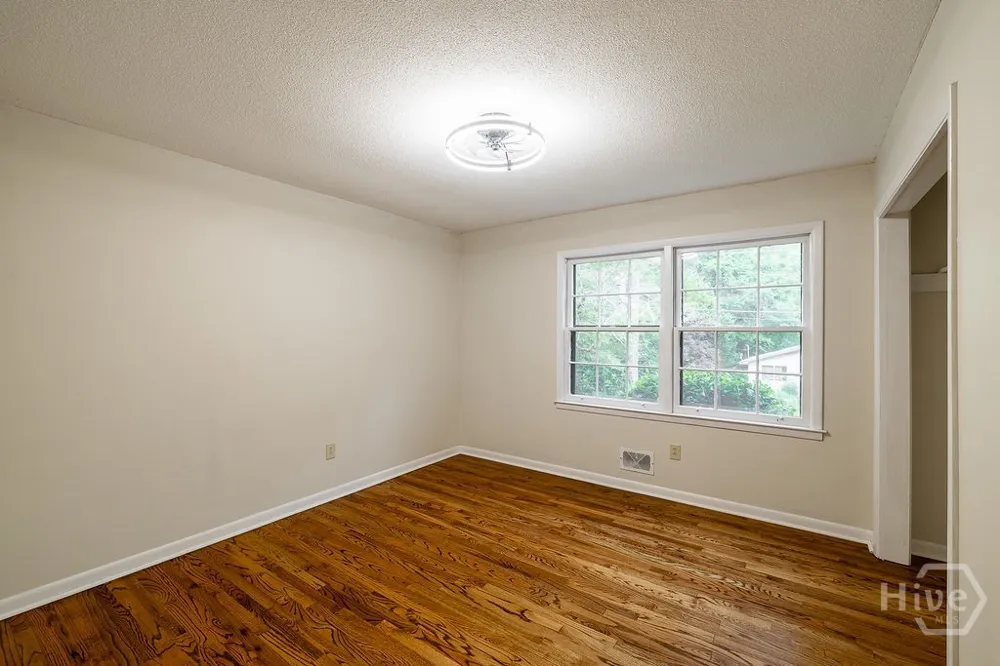 265 University Circle Athens, GA 30605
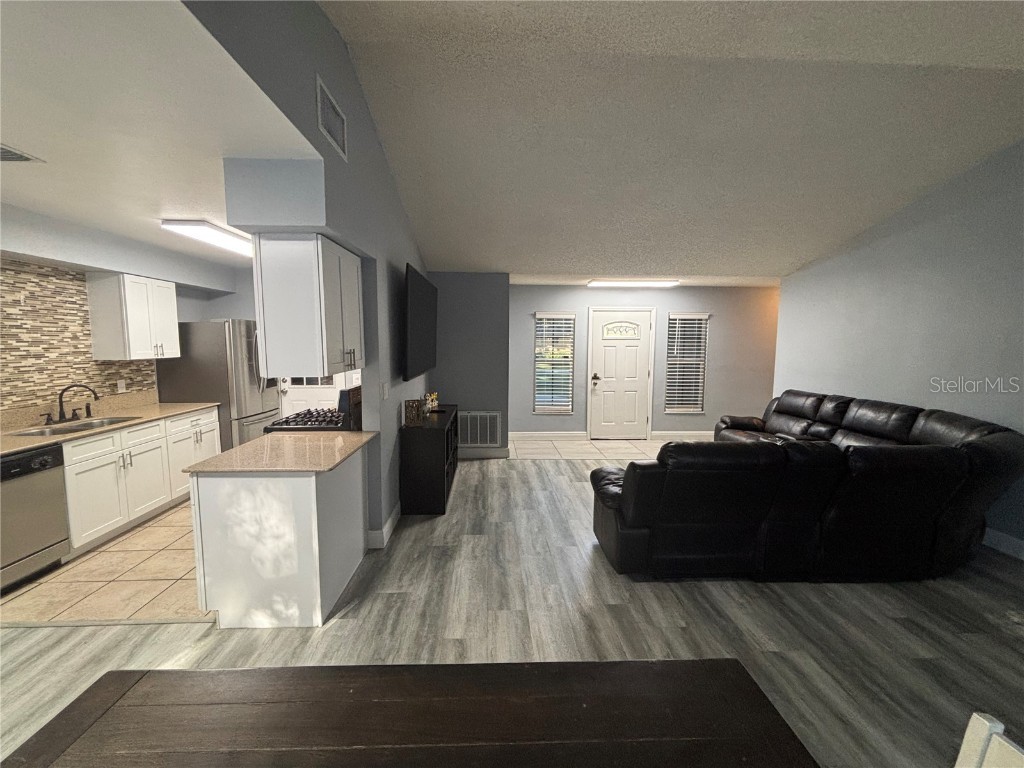 3334 Fox Ridge Drive Winter Haven FL 33884 - LAKE FOX P4936715 image5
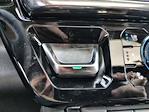 New 2024 GMC Sierra 2500 Denali Crew Cab 4WD Pickup for sale #2340207 - photo 17
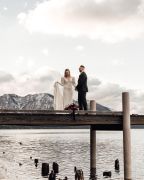 Valhalla Tahoe photo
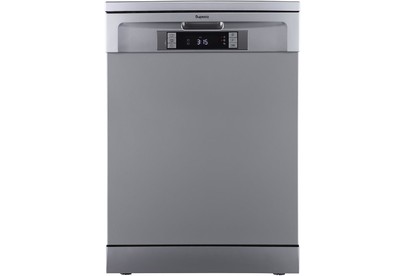 БИРЮСА DWF614/6 M металлик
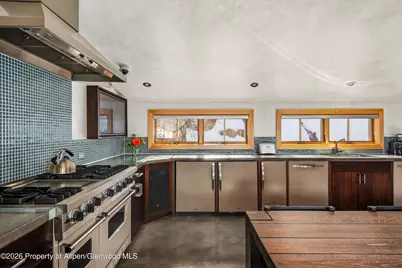 1038 Owl Creek Road, Aspen, CO 81611 - Photo 29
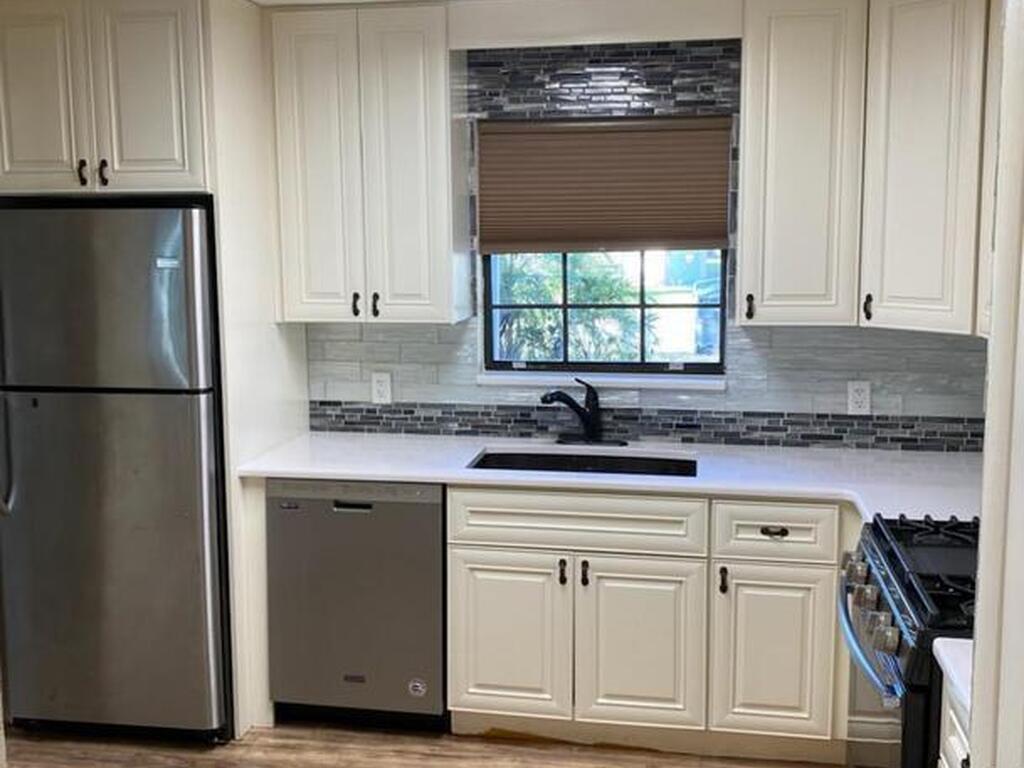 3427 Hursey Drive, Titusville, FL 32796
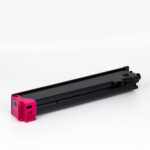 Compatible Magenta Toner (TK-5205M)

______________________________

Your objective
Nothing is needed beyond an exact transcription of the lines from the one containing "3334 Fox Ridge" to the end of the entries above, with the pictures omitted.

Task result
 3334 Fox Ridge Drive Winter Haven FL 33884 - LAKE FOX P4936715 image5
 New 2024 GMC Sierra 2500 Denali Crew Cab 4WD Pickup for sale #2340207 - photo 17
 Valhalla Tahoe photo
 БИРЮСА DWF614/6 M металлик
 1038 Owl Creek Road, Aspen, CO 81611 - Photo 29
 3427 Hursey Drive, Titusville, FL 32796
 Compatible Magenta Toner (TK-5205M)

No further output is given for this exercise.